From Cultural Desert to Cultural Garden: The Uncertainty of Singapore’s Creative Policy

The Merlion is an enduring symbol of Singapore, a nod to its beginnings as a fishing village and to the meaning of Singapore, which is Malay for “Lion City.” Source:
Caitlyn Williams analyzes the film Crazy Rich Asians in conjunction with contemporary cultural policy efforts in Singapore that emphasize the creative economy.
Ed. note: This article is part of our bi-annual, peer-reviewed Student Voices section. Click here to read the introduction and the other articles in the section.

“Creative City” is a highly coveted title; it stimulates the idea of a forward-thinking, culturally fruitful, and diverse space that beckons the enlightened to its borders to partake in its riches. Singapore has come to be known as an ultimate creative city in recent years. A far cry from the cultural desert it had been described as in the 1970s and 1980s, it is now used as a successful representation of cultural and economic policy. But this recent development has come at a cost, as “along the process Singapore has transformed from local character to [a] global one … Singaporeans always try to internalize ‘creativity based on global competitiveness’ led by the Government of Singapore”1Kenichi Kawasaki, “Singapore as a Creative City in Globalisation: Cultural Policies and New Cosmopolitanisms,” Journal of Global Media Studies, 12 (2013): 38.. Cultural policy (i.e. policy that fosters the art and “high” culture) and the creative city (i.e. a city whose economics and image are based around media, the arts, and tourism) combine in Singapore to create a complex mixture of a city that is striving for a globally renowned and competitive image. While Singapore’s public policy is often seen in a positive light, this can be viewed as a skin-deep analysis of the complications behind the cultural policy of Singapore. The rise of Singapore’s cultural policy has been a radical transformation that has deepened the economic and cultural divide within Singapore, while attempting to pull a curtain over this very gaping issue.

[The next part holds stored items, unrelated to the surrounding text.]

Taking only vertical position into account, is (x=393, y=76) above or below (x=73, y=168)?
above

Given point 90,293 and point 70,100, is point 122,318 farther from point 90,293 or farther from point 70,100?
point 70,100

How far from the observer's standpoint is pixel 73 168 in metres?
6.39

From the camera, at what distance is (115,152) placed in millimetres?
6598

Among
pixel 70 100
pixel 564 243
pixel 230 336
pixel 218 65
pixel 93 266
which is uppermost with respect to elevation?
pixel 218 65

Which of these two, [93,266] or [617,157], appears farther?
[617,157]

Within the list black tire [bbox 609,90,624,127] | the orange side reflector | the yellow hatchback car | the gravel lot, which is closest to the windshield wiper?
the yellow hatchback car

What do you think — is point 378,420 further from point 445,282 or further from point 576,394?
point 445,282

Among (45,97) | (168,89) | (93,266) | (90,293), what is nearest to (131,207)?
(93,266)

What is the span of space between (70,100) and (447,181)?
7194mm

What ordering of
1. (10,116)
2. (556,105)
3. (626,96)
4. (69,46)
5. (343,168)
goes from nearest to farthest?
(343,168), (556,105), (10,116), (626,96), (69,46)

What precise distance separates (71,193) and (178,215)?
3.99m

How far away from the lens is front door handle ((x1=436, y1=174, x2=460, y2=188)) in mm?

What is at stake if creative cities are colonizing and gentrifying cultural art and policy for private benefit? “Authenticity” in Singapore’s cultural policy is subject to debate, even if that very authenticity is often hard to categorize, as it is inherently ambiguous, but it is nevertheless persistent in creative spaces. In addition, that “authenticity” is what continues to connect a people to its cultural roots and histories. “Authenticity” can have many meanings, but who benefits from “authenticity”? Below, I will discuss Singapore’s rise from a cultural desert to a cosmopolitan powerhouse, considering its cultural representation in creative economy policies and the way in which these policies draw on discourses of “authenticity” related to Singapore’s multicultural identity and history. I then analyze how the city has been depicted in mainstream media as a wealthy space via Kevin Kwan’s Crazy Rich Asians (2018), demonstrating how the film represents the contradictions embodied in Singapore’s cultural policies. Through this analysis, I argue that Singapore’s cultural policies draw on the diverse cultural creativity of its residents to garner a sense of “authenticity,” but do not benefit all residents equally.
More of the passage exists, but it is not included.